Items from a dataset:
::::
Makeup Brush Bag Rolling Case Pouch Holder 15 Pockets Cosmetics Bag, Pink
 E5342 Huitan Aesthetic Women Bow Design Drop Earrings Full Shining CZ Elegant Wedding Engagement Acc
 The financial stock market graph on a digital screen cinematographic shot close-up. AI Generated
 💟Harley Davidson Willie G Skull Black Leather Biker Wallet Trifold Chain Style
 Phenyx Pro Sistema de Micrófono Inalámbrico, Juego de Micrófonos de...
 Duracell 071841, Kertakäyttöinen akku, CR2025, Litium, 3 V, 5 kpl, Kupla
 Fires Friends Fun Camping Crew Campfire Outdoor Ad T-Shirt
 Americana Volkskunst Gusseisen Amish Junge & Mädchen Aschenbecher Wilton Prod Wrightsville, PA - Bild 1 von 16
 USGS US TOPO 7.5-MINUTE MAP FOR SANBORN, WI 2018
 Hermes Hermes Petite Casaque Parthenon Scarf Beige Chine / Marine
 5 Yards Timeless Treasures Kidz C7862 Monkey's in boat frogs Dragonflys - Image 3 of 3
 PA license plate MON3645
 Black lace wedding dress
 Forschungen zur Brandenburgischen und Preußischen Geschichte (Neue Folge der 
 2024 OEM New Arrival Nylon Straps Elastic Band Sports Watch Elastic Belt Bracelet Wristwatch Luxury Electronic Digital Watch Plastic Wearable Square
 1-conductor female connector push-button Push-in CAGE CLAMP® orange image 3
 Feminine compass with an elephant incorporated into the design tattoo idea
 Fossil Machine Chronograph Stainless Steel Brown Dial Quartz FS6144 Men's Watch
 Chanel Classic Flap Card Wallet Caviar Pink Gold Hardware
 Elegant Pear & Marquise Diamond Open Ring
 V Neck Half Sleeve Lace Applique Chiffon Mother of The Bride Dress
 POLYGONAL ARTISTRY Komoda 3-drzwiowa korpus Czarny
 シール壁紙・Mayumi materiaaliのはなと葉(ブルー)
::::
* _WHAT IS BEING ASKED_
What is needed is a word-for-word copy of the records above, from the first line through the line that contains "Fossil Machine Chronograph".

* _RESPONSE FOR THIS EXERCISE_
Makeup Brush Bag Rolling Case Pouch Holder 15 Pockets Cosmetics Bag, Pink
 E5342 Huitan Aesthetic Women Bow Design Drop Earrings Full Shining CZ Elegant Wedding Engagement Acc
 The financial stock market graph on a digital screen cinematographic shot close-up. AI Generated
 💟Harley Davidson Willie G Skull Black Leather Biker Wallet Trifold Chain Style
 Phenyx Pro Sistema de Micrófono Inalámbrico, Juego de Micrófonos de...
 Duracell 071841, Kertakäyttöinen akku, CR2025, Litium, 3 V, 5 kpl, Kupla
 Fires Friends Fun Camping Crew Campfire Outdoor Ad T-Shirt
 Americana Volkskunst Gusseisen Amish Junge & Mädchen Aschenbecher Wilton Prod Wrightsville, PA - Bild 1 von 16
 USGS US TOPO 7.5-MINUTE MAP FOR SANBORN, WI 2018
 Hermes Hermes Petite Casaque Parthenon Scarf Beige Chine / Marine
 5 Yards Timeless Treasures Kidz C7862 Monkey's in boat frogs Dragonflys - Image 3 of 3
 PA license plate MON3645
 Black lace wedding dress
 Forschungen zur Brandenburgischen und Preußischen Geschichte (Neue Folge der 
 2024 OEM New Arrival Nylon Straps Elastic Band Sports Watch Elastic Belt Bracelet Wristwatch Luxury Electronic Digital Watch Plastic Wearable Square
 1-conductor female connector push-button Push-in CAGE CLAMP® orange image 3
 Feminine compass with an elephant incorporated into the design tattoo idea
 Fossil Machine Chronograph Stainless Steel Brown Dial Quartz FS6144 Men's Watch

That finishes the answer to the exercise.